After the war, trade declined, but the area has been given a new lease of life as an urban redevelopment area providing housing and office space. The Grade II dock itself was permanently closed at the river side and covered over with a floor and roof in the 1980s, resulting in a spectacular covered space, Hay’s Galleria, with a bronze sculpture in the centre. David Kemp’s ‘Navigators’ which was “inspired by the dockside neo-Victorian Architecture of Hays Galleria [… and] strongly prompted by Jules Verne’s stories” was unveiled in 1987.(5) It is a 60ft bronze kinetic work that looks like the amalgamation of a Viking warrior ship, a dragon, a tea clipper, lots of steam boat funnels, various other marine bit and pieces and plenty of water. Kemp is an artist and sculptor who lives in Cornwall and makes “things out of things, big things, little things, old things and new things. I like to recycle things, and find new uses for things that have been thrown away. Some things say something about their surroundings, and other things become something else.”(6)

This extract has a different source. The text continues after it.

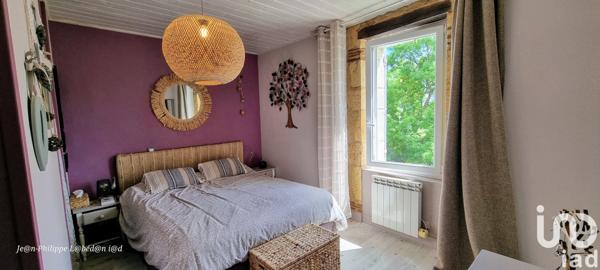 House for sale 8 rooms 215 m² Saint-Pierre-de-Clairac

(1) Most of the information on the early history of the wharf comes from Aytoun Ellis, Three Hundred Years on London River. The Hay’s Wharf Story 1651-1951 (1952).
(2) John Evelyn, Sylva, or, A discourse of forest-trees (1670), p. 175-176.
(3) The minutes of the first meeting do not show the name of Hay as one of the directors, see here.
(4) Richard Church, ‘Hay’s Wharf (A Passacaglia)’ as quoted in Three Hundred Years on London River, p. 6.